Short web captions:
- - - -
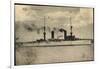 S.M.S. Fürst Bismarck, Kriegsschiff in Fahrt, Rauch-null-Framed Giclee Print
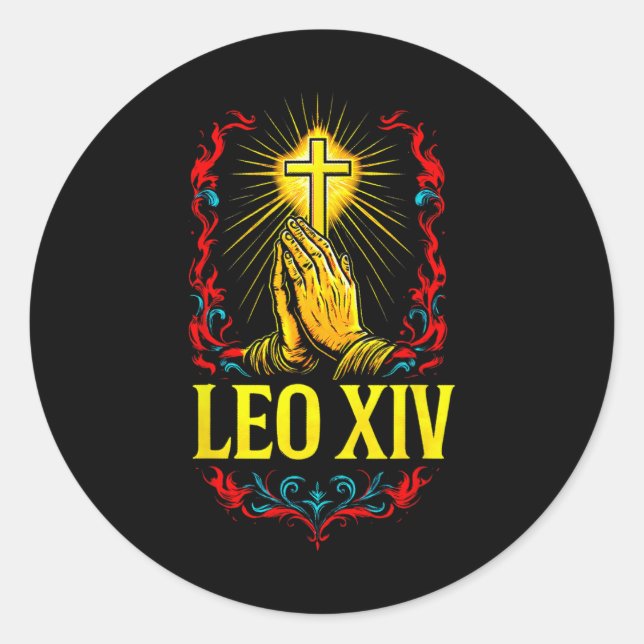 Neuer Papst Leo Xiv Runder Aufkleber (Vorderseite)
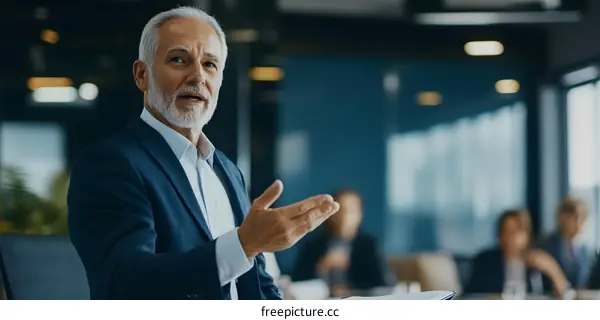 Confident Senior Businessman Leading a Meeting in Office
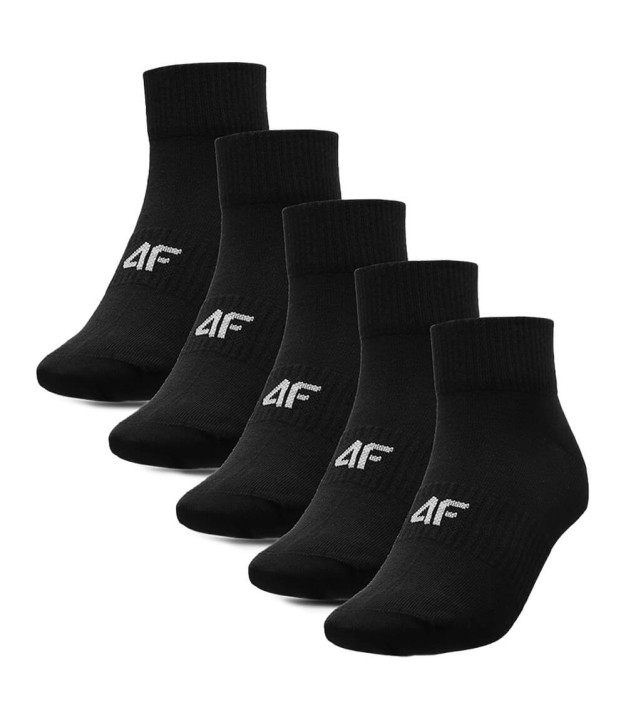 4F M135 Men's Casual Crew Socks (5 pack), Deep Black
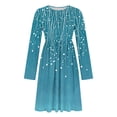 thumbnail image 4 of Edvintorg Long Sleeve Dresses for Women Fashion Printed Crew Neck Casual Midi Dresses Fashion Clothing Women S-2XL Blue, 4 of 7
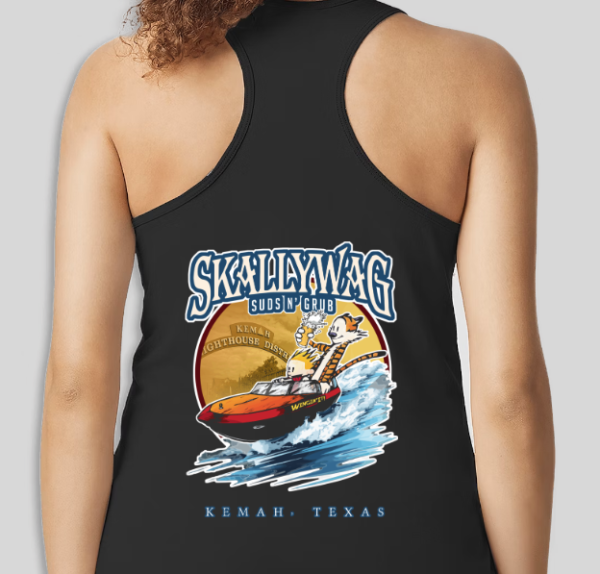 Skallywag- Black Gildan Women’s Softstyle Jersey Blend Racerback Tank - Image 2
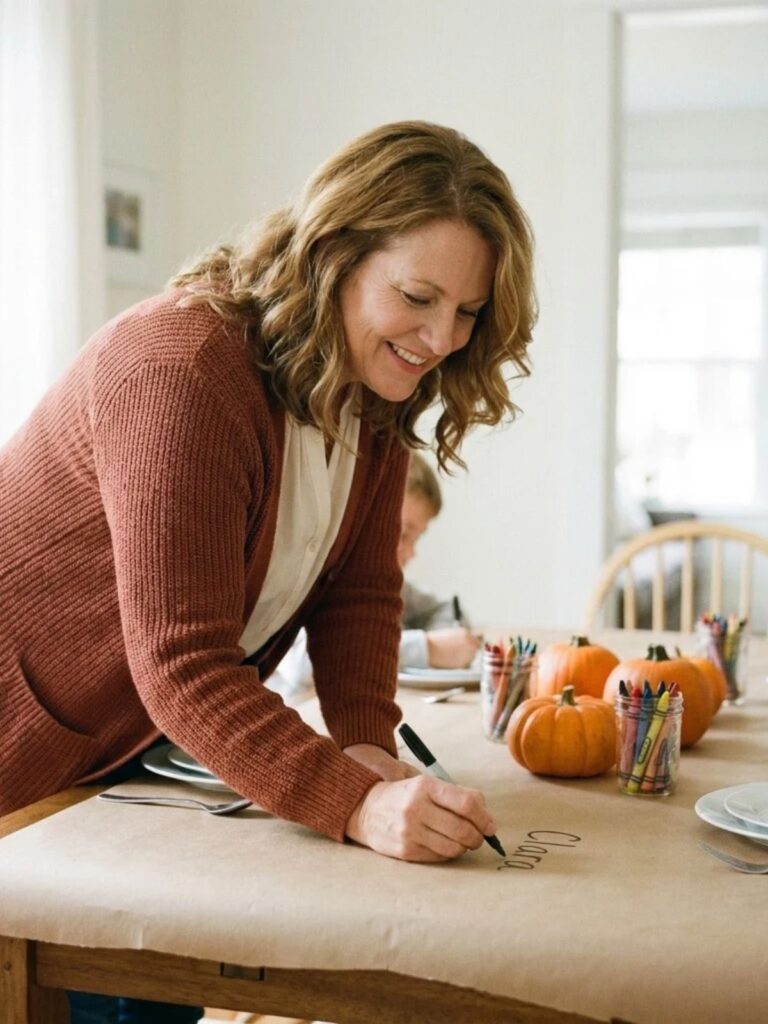 A woman writing guest names on a butcher paper Thanksgiving table covered in kraft paper with small pumpkins and jars of crayons.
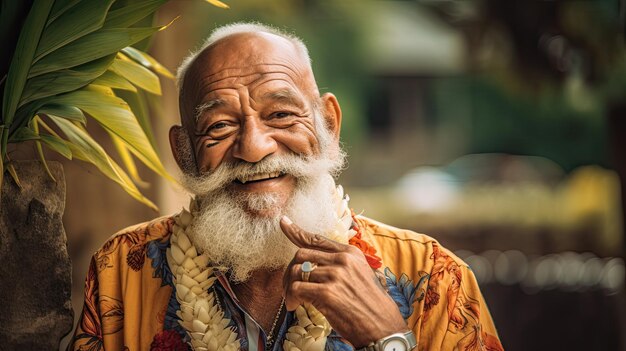 Un vieux homme hawaïen à la barbe heureuse a pris sa retraite à 60 ans.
- - - -
Aim of the task: With the pictures left out, give again exactly the lines from the one with "Skallywag- Black Gildan" through the end of the data, both included.

Answer box:
 Skallywag- Black Gildan Women’s Softstyle Jersey Blend Racerback Tank - Image 2
 A woman writing guest names on a butcher paper Thanksgiving table covered in kraft paper with small pumpkins and jars of crayons.
 Un vieux homme hawaïen à la barbe heureuse a pris sa retraite à 60 ans.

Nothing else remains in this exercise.